Assuming the barrier is high enough that a mage will not be able
to defeat it. The mage is trapped in it. An astral mage is
supporting a physical weight(althought the object is astrally
active). Since the barrier(net) is in contact with the mage it
is doing damage to the mage and will kill him very quickly. If
the net(barrier) is even with the mage in strength you have
mundanes doing damage to astral mages with no recourse for the
mage. Plus you are still left with a battle that will go on for
a little while. During this time the mage would be supporting the
net.

I would think that letting a mage intereact physically(supporting)
the net) is part of the problem. This opens up the question could
an astrall mage give a leg up to a duel natured creature, or one
that is perceiving.

My appologize if this is not too clear.

--
Nigel westln@***.edu
AKA C. Yossarrian, UPAC Projectionist
AKA Lorden
Speaking for myself, and no one else.
Message no. 52
From: Mark Steedman <M.J.Steedman@***.RGU.AC.UK>
Subject: Re: Full of Life
Date: Mon, 4 Aug 1997 15:12:33 GMT
Lorden writes

> > completely sealed FAB containment grid AS THE RULES ARE PRESENTLY WRITTEN.
> > Steve
> >-- End of excerpt from Steve Kenson
>
> There are two things I would add.
>
> Currently within the rules there is the loop hole as someone
> pointed out that a mage knocked unconscious returns to his body.
I would assume you mean me :)
Some folks don't agree because this is something that is mentioned as
happening in certain circumstances but doesn't fit wih the rest of
the rules.

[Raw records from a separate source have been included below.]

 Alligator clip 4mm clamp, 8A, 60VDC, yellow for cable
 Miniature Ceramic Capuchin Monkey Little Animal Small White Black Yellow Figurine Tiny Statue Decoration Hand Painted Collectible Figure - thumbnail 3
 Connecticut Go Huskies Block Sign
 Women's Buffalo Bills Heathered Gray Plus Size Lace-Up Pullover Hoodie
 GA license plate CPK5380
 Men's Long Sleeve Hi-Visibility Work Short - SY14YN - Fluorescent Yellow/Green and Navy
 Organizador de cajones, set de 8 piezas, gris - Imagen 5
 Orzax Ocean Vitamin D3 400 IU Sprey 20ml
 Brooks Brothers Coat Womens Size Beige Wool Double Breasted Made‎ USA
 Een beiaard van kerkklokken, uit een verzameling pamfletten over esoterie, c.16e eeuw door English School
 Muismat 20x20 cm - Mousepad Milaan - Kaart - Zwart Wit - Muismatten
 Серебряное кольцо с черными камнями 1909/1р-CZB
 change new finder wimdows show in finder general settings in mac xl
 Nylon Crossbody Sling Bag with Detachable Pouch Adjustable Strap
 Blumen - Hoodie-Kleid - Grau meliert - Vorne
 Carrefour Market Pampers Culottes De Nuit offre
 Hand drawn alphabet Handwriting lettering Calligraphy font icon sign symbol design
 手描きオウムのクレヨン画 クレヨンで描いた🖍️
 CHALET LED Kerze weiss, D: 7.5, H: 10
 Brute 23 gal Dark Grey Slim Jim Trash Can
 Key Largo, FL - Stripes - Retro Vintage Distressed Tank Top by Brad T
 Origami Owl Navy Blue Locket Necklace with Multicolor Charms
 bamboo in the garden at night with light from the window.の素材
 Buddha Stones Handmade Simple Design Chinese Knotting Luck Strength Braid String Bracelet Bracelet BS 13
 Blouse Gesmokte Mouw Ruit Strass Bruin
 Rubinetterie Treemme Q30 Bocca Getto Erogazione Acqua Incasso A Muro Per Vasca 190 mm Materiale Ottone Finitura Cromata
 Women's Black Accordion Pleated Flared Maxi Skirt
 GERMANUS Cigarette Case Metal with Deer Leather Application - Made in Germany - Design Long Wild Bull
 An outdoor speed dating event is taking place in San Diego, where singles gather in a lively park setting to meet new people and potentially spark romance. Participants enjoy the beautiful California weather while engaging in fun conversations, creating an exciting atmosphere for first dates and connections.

However i like it because it gives a way out of this trap
and others i had that got even nastier than a closed FAB grid (that
gives the mage far too long to think about getting devious :) )
before i ever heard of FAB, the walls have been know to move you know
:) and R2 droids are not exactly common in SR (though a decker might
do :) )

> It is unclear how this is accomplished or if this also happens if
> the path is blocked. Wether your spirit is pulled into your
> astral tether which may already reach back to your body hence
> has not been blocked by the deployed gas. Or the tether passses
> through the meta planes. While tether may be to strong a word
> call it a link back to your body like the link you have to
> items you create or which a watcher might follow to find you.
>
Yes. This situation 'what happens to an unconcious mage' and 'how can
you get the attention of an astrally projecting character' could be
made clearer in SR3. Some sources suggest a slap accross the face
will bring the mage back to his body which means clever team mates
could give a lost mage a good slap after 5 1/2 hours to save his life
:)

> Second. I don't have a problem with a mage being trapped in
> astral space. The mage's chummers should be rescueing him if
> he is trapped. After all it's fun to tease a mage about how he
> needed a mundane to spray defoiliant on the ivy, or knock out a
> window to let gass escape. Thats one reason my character carries
> a inflatable manican and CO2 cartidge. Inflate manican, mage
> goes inside, and walk right through the FAB.
Yeah. There is always an easy solution to the ivy covered building,
get the local demolitions expert to 'remove' the offending wall
before you go in :), likely to attract attention but sure works!

> There is also the
> out, talk to the people who caught you.
>
Oh so much more fun for the GM, torture them frag em up and let em go
to stew on it :) Ok you don't really do the character in, its not
fair and the player might just get fed up but owing one to the folks
that caught you is an easy excuse to get the PC's to do that run you
think would be a good challenge but they feel like running away from.

Mark
Message no. 53
From: "J. Keith Henry" <Ereskanti@***.COM>
Subject: Re: Full of Life
Date: Tue, 5 Aug 1997 19:02:26 -0400
In a message dated 97-07-31 20:25:39 EDT, Victor-Fisher@******.COM (Fisher,
Victor) writes:

> A clarification, for those still confused by the concept of auras.
> You CAN'T target an aura, no matter HOW far it extends from the
> object that generates it, as it doesn't have a PHYSICAL presence to
> ground thru, the same way you can't shoot the electromagnetic field
> generated by a current passing thru a wire, to destroy the wire. I'm
> pretty sure Steve's said this anyway [though probably in a different,
> clearer manner :-].

I sure hope so, because the concept of "Targeting Auras" is the basis of
Combat Magic, and much of the "Mana" magic to begin with.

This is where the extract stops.